Mentzen i rzecznik Tuska krytykują marsz przeciwko imigracji. „Nie pierwszy raz dał się zrobić jak małe dziecko”

- Nie dziwię się, że tylko przeciwko nielegalnej, bo za legalną to właśnie PiS odpowiada - skomentował w swoich mediach społecznościowych Sławomir Mentzen.
Według lidera Konfederacji PiS nie ma czystych intencji, bo to właśnie "legalna imigracja z państw odmiennych kulturowo jest teraz największym problemem".

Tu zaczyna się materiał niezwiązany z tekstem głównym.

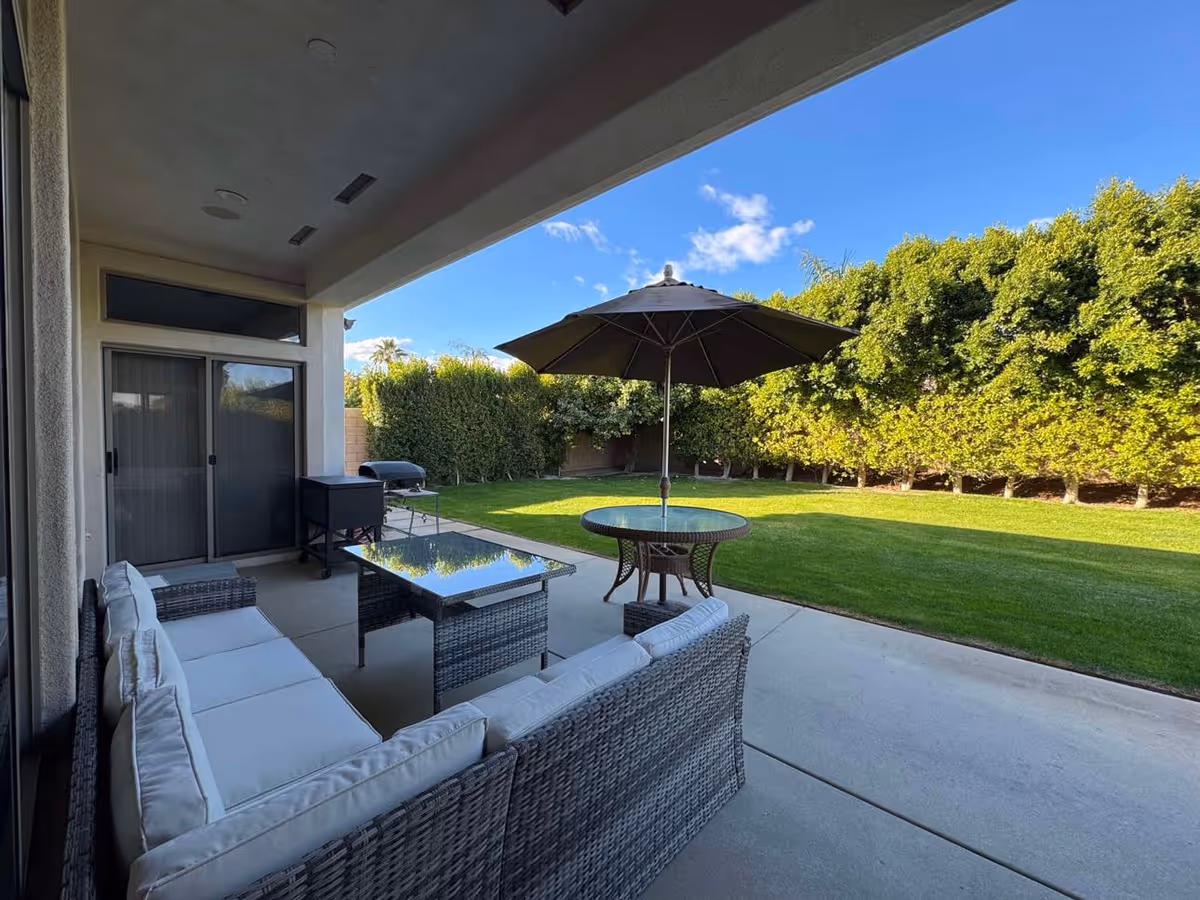Covered patio area with a wicker sectional sofa with white cushions, a glass-top coffee table, and a round table with a large umbrella. The patio overlooks a well-maintained green lawn bordered by tall, dense bushes under a clear blue sky.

Identyczną narrację na temat marszu przedstawił rzecznik rządu Adam Szłapka. Nawiązał on do wymyślonej „afery wizowej” (zamiast setek tysięcy wiz wydanych na lewo było maksymalnie kilkaset, sprawa jest zupełnie marginalna) i zarzucił PiS hipokryzję. A on, Adam Szłapka, „brzydzi się hipokryzją”.
Postawić znak równości pomiędzy PO i Konfederacją
Tę zbieżność w argumentacji obu panów dostrzegli komentatorzy.
- Dokładnie o to Kaczyńskiemu chodziło, by pokazać, że i Konfa i PO dokładnie tak samo atakują PiS i postawić między nimi znak równości. Dziwię się, że Mentzen tak łatwo w to wszedł – napisała na X dziennikarka Interii Kamila Baranowska.
- Nie pierwszy raz się daje robić jak małe dziecko, on się nie nadaje do dużej polityki ze starymi wyjadaczami – dodała dziennikarka Blanka Aleksowska.
Kaczyński wezwał wszystkie siły
Przypomnijmy, że Jarosław Kaczyński podczas specjalnej konferencji prasowej zapowiedział organizację wielkiej manifestacji przeciwko przerzucaniu do Polski nielegalnych imigrantów. Lider PiS chce, by w wydarzeniu, które ma się odbyć 11 października, wzięły udział wszystkie siły patriotyczne.
- Mamy władzę, która nie jest w stanie przeciwstawić się nie tylko Unii Europejskiej, ale przede wszystkim Niemcom, bo w wypadku kraju położonego w tym miejscu, gdzie my leżymy, to jest przede wszystkim problem Niemiec [z imigrantami], problem niemiecko-polski - powiedział w swoim wystąpieniu Jarosław Kaczyński
Były premier dodał, że w Europie trwa właśnie początek operacji zmierzającej do tego, żeby Polska ten ciężki zaczęła dźwigać.
- Ci, którzy są polskimi patriotami, którzy po prostu chcą w Polsce spokoju, normalnego rozwoju, którzy chcą bezpieczeństwa, bezpieczeństwa dla wszystkich, ale w tym wypadku chodzi przede wszystkim o bezpieczeństwo kobiet i dziewcząt, chcemy się temu przeciwstawić – mówił Kaczyński - Chcemy podjąć działania, które będą zmierzały do przekonania władzy, albo nawet przymuszenia władzy do tego, by zamiast ośrodków dla migrantów, zaczęła się przeciwstawiać, przeciwstawiać czynnie temu wszystkiemu, co gotują dzisiaj Niemcy i Bruksela – przekonywał lider PiS.
Stąd pomysł, by pod jednym sztandarem zgromadzić wszystkie siły, którym los Ojczyzny nie jest obojętny.
- Takim przedsięwzięciem jest manifestacja, którą planujemy na 11 października. Manifestacja dla wszystkich, tutaj wzywam wszystkie siły patriotyczne do tego, żeby w tym uczestniczyły, manifestacja przeciwko nielegalnej imigracji, przeciwko paktowi migracyjnemu, przeciwko tym wszystkim działaniom, które mają przynieść Polsce nieszczęście i to ciężkie nieszczęście – podsumował przewodniczący największej partii w polskim parlamencie.